Our latest figures show that by the end of quarter 3 we had secured £17.4 billion in compliance yield - still lower than its usual pre-pandemic level but higher than the £17 billion secured by the same point last year and keeping us on track for a similar compliance yield total as last year.
Looking ahead
Looking ahead to quarter 4 and the next financial year, we will continue investing in improvements to our customer service.
As the UK recovers from the pandemic, we’ll be using the funding we received in the latest government Spending Review to focus on supporting businesses and individuals to adapt to a changing economy, while continuing to bring in vital tax revenue for our public services.

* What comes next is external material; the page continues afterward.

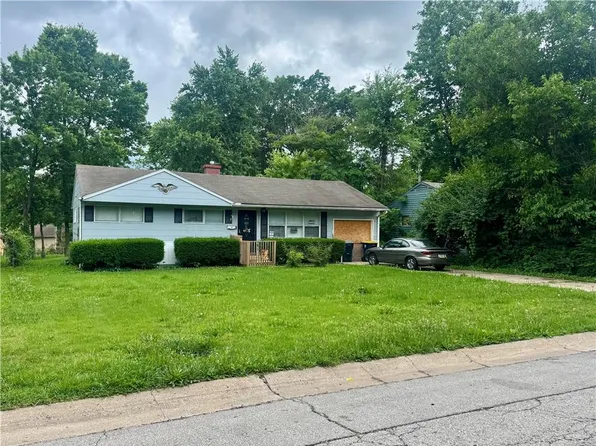 7511 E 112th St, Kansas City, MO 64134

Our plans and investment will be about building a trusted, modern tax and customs department. We want to build a digital tax system that operates in real time, for example:
- developing Single Customer Accounts that allow taxpayers to view all their tax affairs in one place
- making it quicker and easier to process payments
- delivering sustainable improvements to our core IT systems and infrastructure
- making smarter use of data - safely, and securely - to improve customer service and protect tax revenue
Above all, we’ll continue to be on the side of our customers when they’re trying their best to get things right, while tackling the small minority who set out to cheat the system.